「トイレで女性が襲われる」性的少数者への差別デマを吹聴する“保守論客”の名

Kasumigaseki,,Tokyo,/,Japan-october,28,,2019:,Ministry,Of,Economy,,Trade
 

トランスジェンダー職員の女性トイレ使用を制限した経産省に対して、違法判決を下した最高裁。誰もが自分らしく生きられる社会の実現に大きく寄与するこの判決ですが、どうしても受け入れられない向きも存在するようです。今回のメルマガ『小林よしのりライジング』では、漫画家・小林よしのりさん主宰の「ゴー宣道場」参加者としても知られる作家の泉美木蘭さんが、「経産省トイレ使用制限違法判決」を猛批判する論客の主張を紹介。その内容を幼稚で差別意識丸出しの戯言とバッサリ斬っています。

差別したい八木秀次氏の経産省トランスジェンダー叩き

性的マイノリティーの人たちの職場環境に関する訴訟で、7月11日、初めて最高裁が判断を示した。

経済産業省に勤め、女性として生活している50代のトランスジェンダーの職員が、職場の女性用トイレの使用を制限されているのは不当だとして国を訴えていた裁判で、最高裁が「トイレの使用制限を認めた国の対応は違法」との判決を下したのだ。

原告の経産省職員Aさんは、2009年に「性同一性障害」と診断され上司に相談。健康上の理由から、性別適合手術は受けられず、戸籍上は男性のままだが、職場での説明会を経て、女性用の休憩室や更衣室の利用が認められた。

ただし、トイレについては、職員の執務室があるフロアから2階以上離れた女性用トイレしか使用が認められず、人事院に処遇の改善を求めたが、退けられたため、訴えを起こしていた。

「2階以上離れたトイレ」に限定された経緯はこうだ。

説明会の際、Aさんが退席した後、担当者が職員たちの意見を求めたところ、「数名の女性職員がその態度から違和感を抱いているように見えた」という。そこで、担当者が、1つ上の階の女性トイレを使用してもらうのはどうかと案を出した。すると、1人の女性職員が、自分は日常的にそのトイレを使っていると述べたという。

そこで、経産省では、Aさんに対して、執務階とその上下階のトイレの使用を認めず、それ以外の階の女性トイレの使用を認めたらしい。

Aさんは、この説明会が開かれるまでは、男性の服装で勤務していた。

トランスジェンダーに対する社会的な理解も乏しいなか、戸惑って即座には受け入れがたいという様子を見せた人もいたようだ。

説明会の翌週から、Aさんは、女性の服装で勤務するようになり、2階以上離れた女性トイレを使うようになった。

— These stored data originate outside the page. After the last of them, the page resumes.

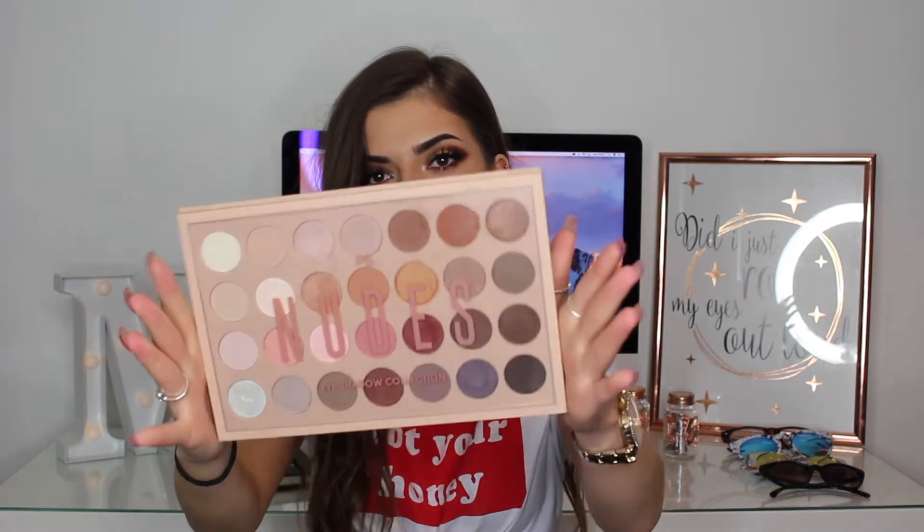So today I thought I'd film this makeup look using the new Primark Nudes palette which only costs £8. Look how good that is. I love it, I really love it and everyone should go get one now before they sell out.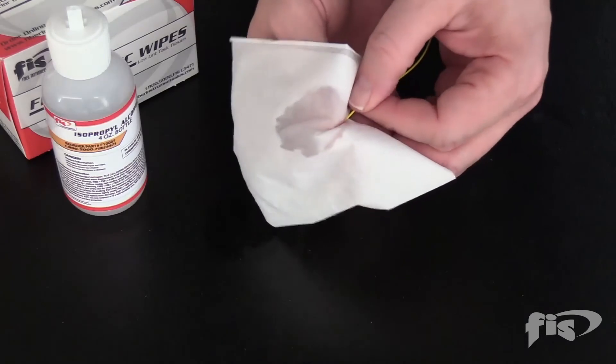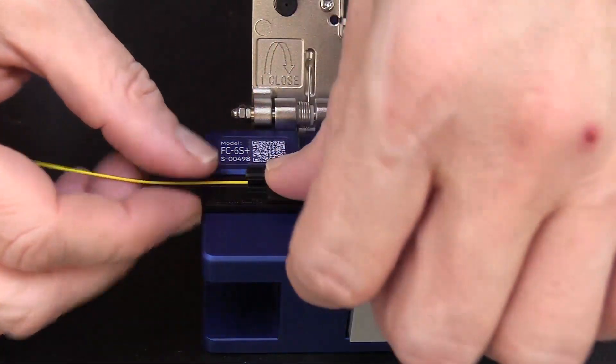Again, strip, clean, and cleave the fiber and place it on the other side of the machine.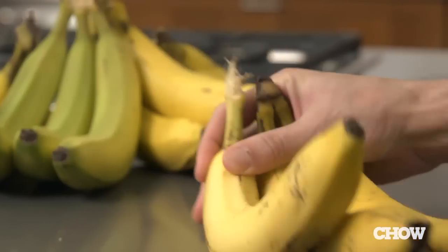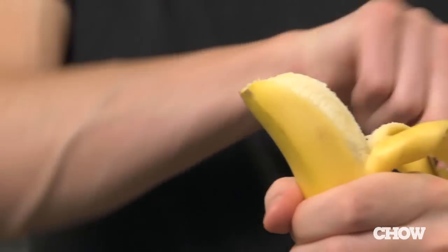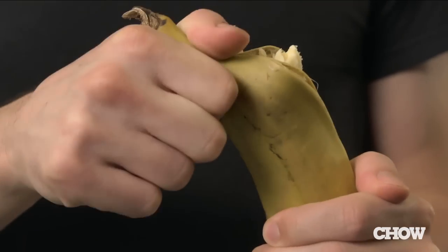Now most people I've seen peel them by just tugging and tearing at the stem until it snaps, and that works great most of the time, but depending on the ripeness, sometimes the stem is just stubborn and won't peel.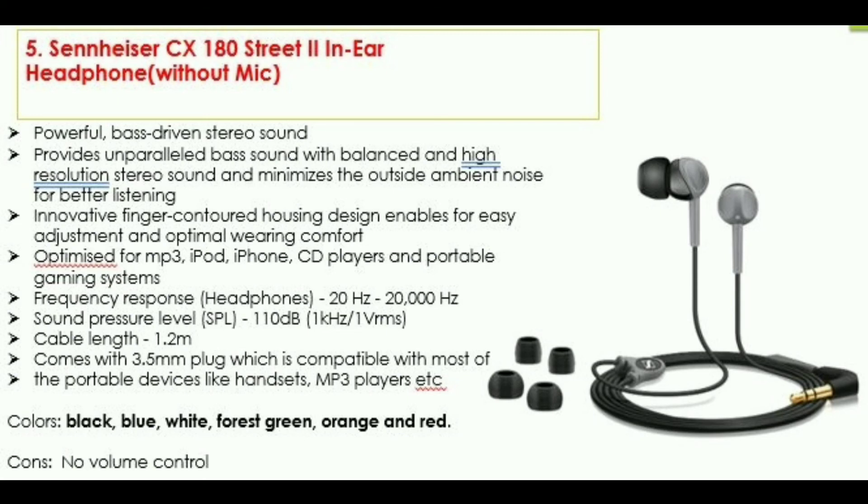I have reviewed 5 headsets with great sound quality and magnetic ear options. There are many options available. If you like the video, please like, comment, and subscribe. Click the bell button. I will see you in the next video. Bye!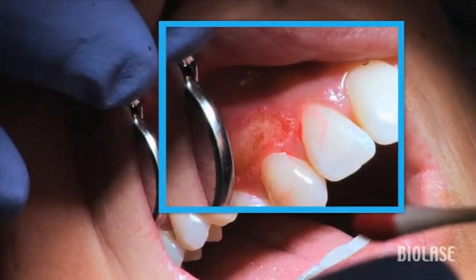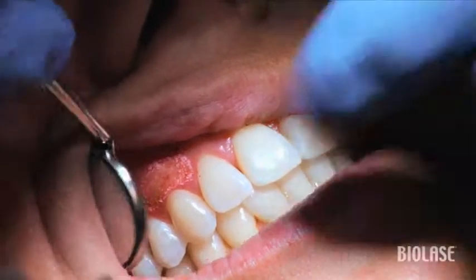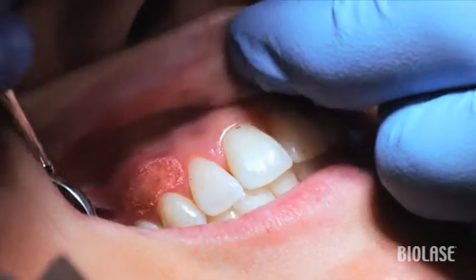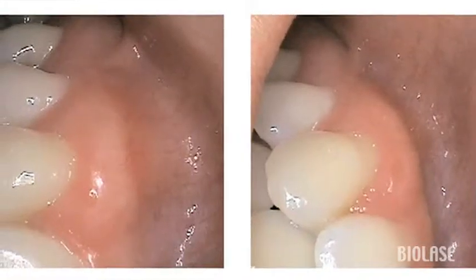Even if the patient has no post-op bleeding, follow up the removal of the excess tissue with the hemostasis preset for about one minute, as presented in the fibroma removal video. The intraoral pics taken one week post-op show the beautiful healing. The patient was very happy with the result and was amazed that we can do this so easily and painlessly.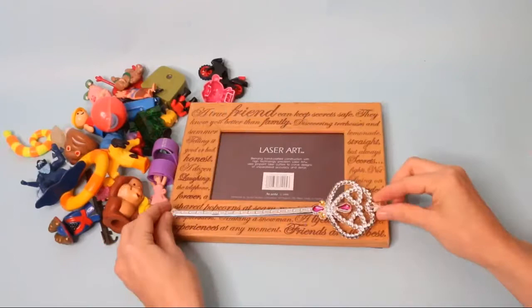You'll start by hot gluing your plastic toys to the frame. Keep going until the entire frame is covered.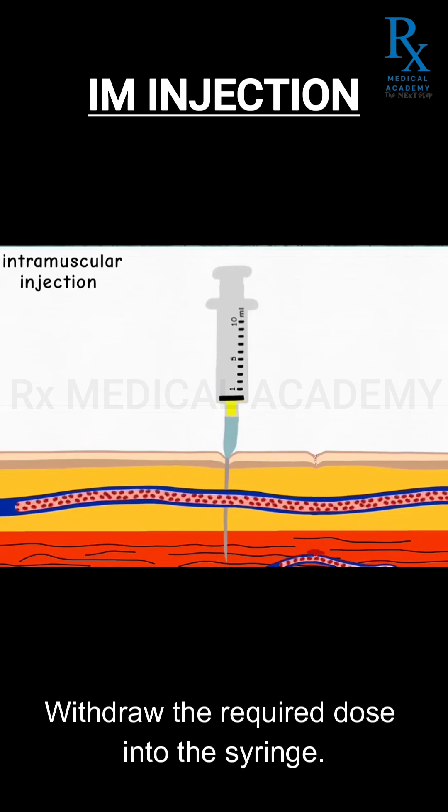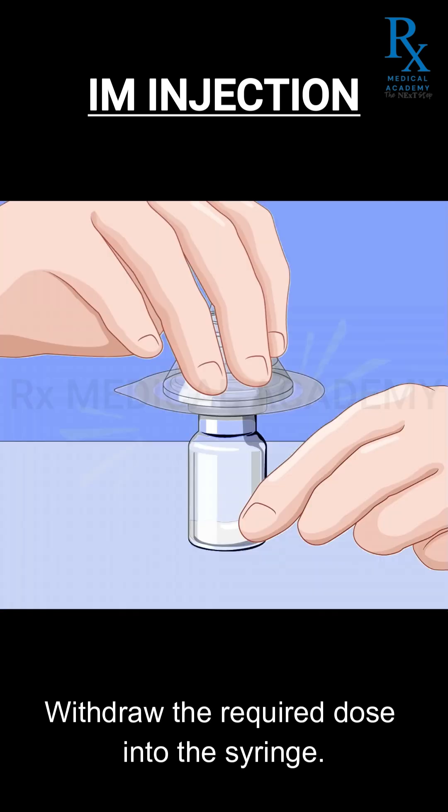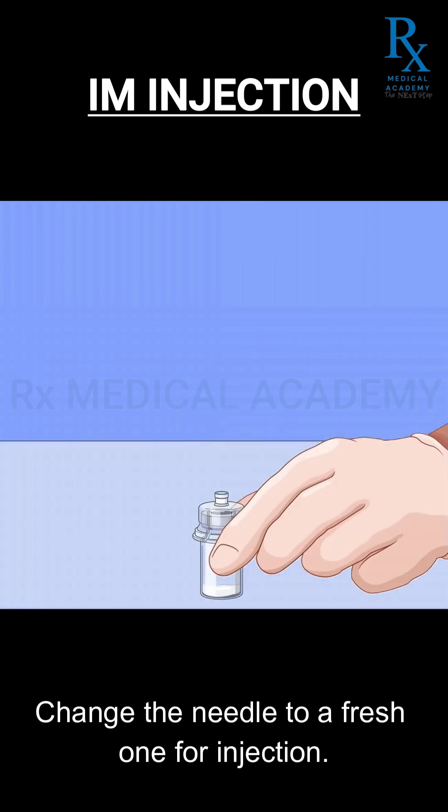Withdraw the required dose into the syringe. Change the needle to a fresh one for injection.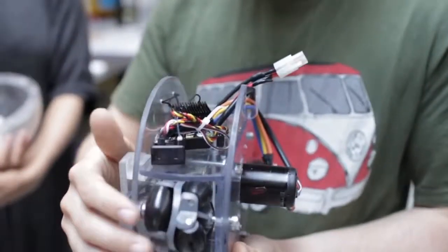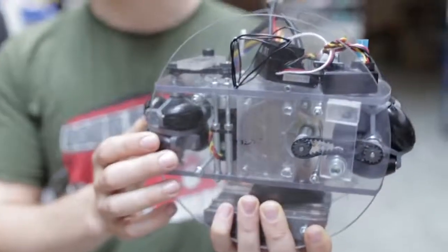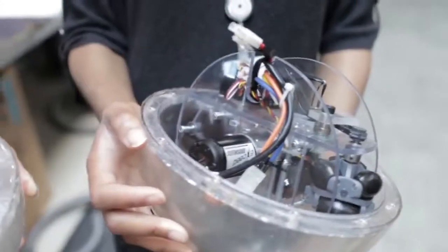This one gives us our forwards and backwards movement, and this one gives us our side to side movement. It fits inside the ball, like that.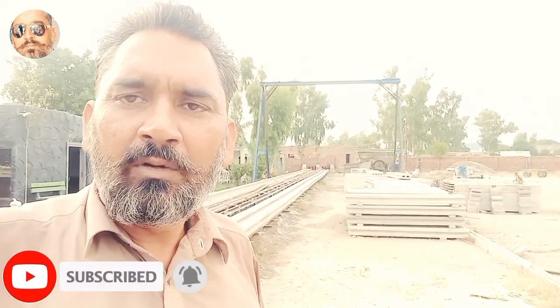In the name of Allah, peace be upon you, friends. I hope that you will enjoy the content. I am here with a new video.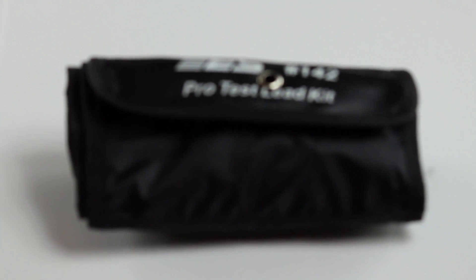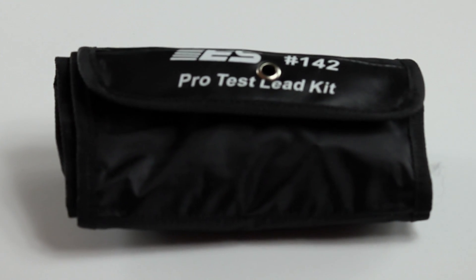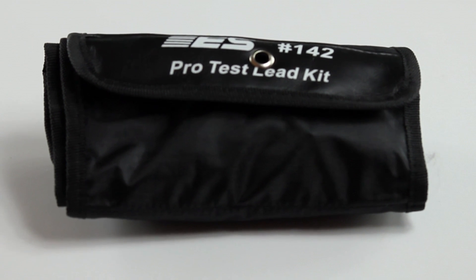The Pro Test Lead Kit includes a complete set of interchangeable specialty test probes, conveniently stored in a roll-up pouch. The leads are readily accessible and come with a one-year warranty.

他の職員とのトラブルは一切起こらなかった。

2年後の2011年には、Aさんは家庭裁判所の手続きを経て、名前を女性らしいものに変更し、職場でもその名前を使うようになった。

さらに2年後の2013年末、Aさんは、トイレの使用に関する経産省の措置を不服として、他の女性職員と同等の処遇を人事院に要求。だが2015年、人事院は要求を拒否したため、法廷闘争となった。

1審の地裁ではAさんの訴えが認められたが、2審の高裁では、「経産省の処遇は、全職員にとっての適切な職場環境を構築する責任を果たすための対応」として逆転敗訴。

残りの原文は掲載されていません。